Dia memiliki banyak sekali koleksi guci dari berbagai usia.
Berbagai barang antik yang terdapat di Pasar Sentra Antasari, Banjarmasin. (Banjarmasin Post/Yayu Fathilal)
Di antaranya guci jenis pinasti atau bernilai sejarah, berusia ratusan tahun dan ditengarai diproduksi di masa pemerintahan Dinasti Ming, Seladon, Song dan Cing dari Cina.
"Paling tua guci dari Dinasti Ming dan Seladon, yaitu 750 tahun. Tidak saya pajang di toko saya, adanya di rumah. Jadi, pembeli kalau mau bisa datang ke rumah saya saja," ungkapnya.

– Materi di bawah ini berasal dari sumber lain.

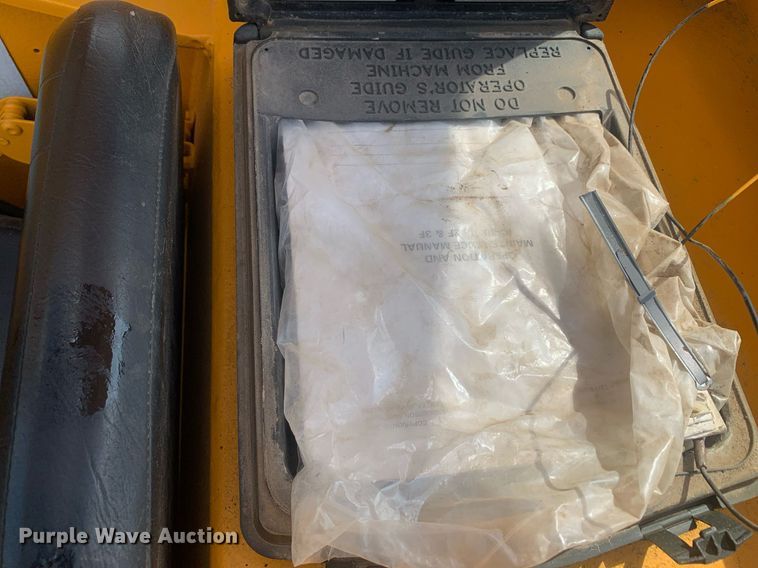 image for item LH9751 2002 Broderson IC-80-1F  crane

Guci-guci yang berusia muda, antara puluhan tahun hingga 120 tahun dipajangnya di tokonya.
Semua tampak kuno, bahkan ada yang sudah berkarat namun kondisinya masih utuh.

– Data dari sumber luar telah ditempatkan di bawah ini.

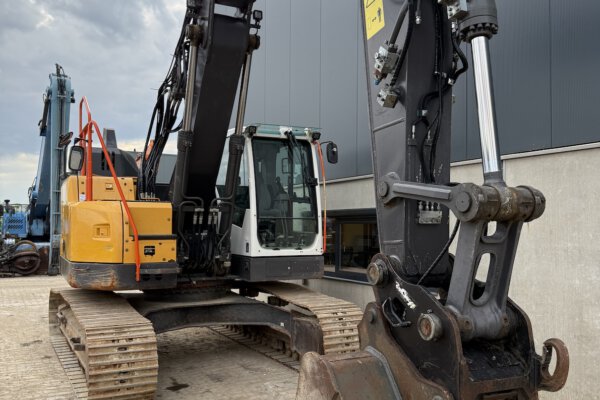 8 Volvo ECR235EL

Guci-guci itu dijualnya dengan harga yang bervariasi.
"Kalau yang jenis pinasti atau berunsur sejarah seperti dari Cina yang bagus dari Dinasti Seladon senilai Rp 500 juta. Kalau yang kurang bagus ada yang saya jual Rp 5 juta. Itu ada yang bermotif burung hok dan babi warna kuning dari Dinasti Ming, usianya sudah tua sekali tetapi kondisinya kurang bagus jadinya lebih murah," ujarnya.
Guci dari Dinasti Seladon memang lebih mahal karena berjenis periuk, badannya berwarna hijau mulus berbahan batu giok.

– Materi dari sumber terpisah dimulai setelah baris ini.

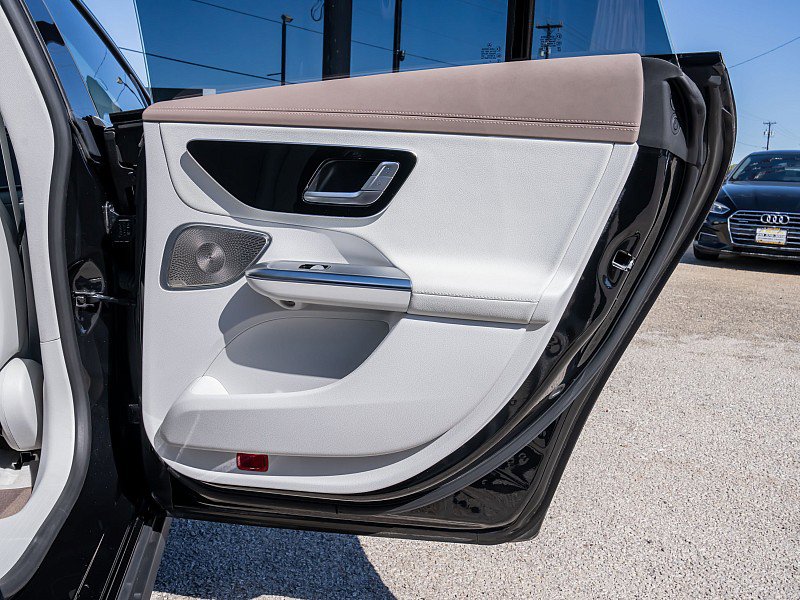 Used 2023 Mercedes-Benz EQE 500 4MATIC Sedan image 13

Ditambah lagi kondisinya masih bagus.
Bulu buntut burung anggang. (Banjarmasin Post/Yayu)
Glacier atau catnya pun masih bagus dan sangat mulus.
"Kalau yang dari Dinasti Song sekitar Rp 3 juta," jelasnya.
Guci-guci kuno dari Cina ini memang sengaja dijualnya lebih mahal.
Alasannya karena bernilai sejarah, bahannya bagus, bermotif indah dan tampak klasik.
Sementara guci-guci yang berusia lebih muda dijualnya Rp 500.000 jika kondisi masih bagus dan Rp 300.000 jika kondisinya kurang baik.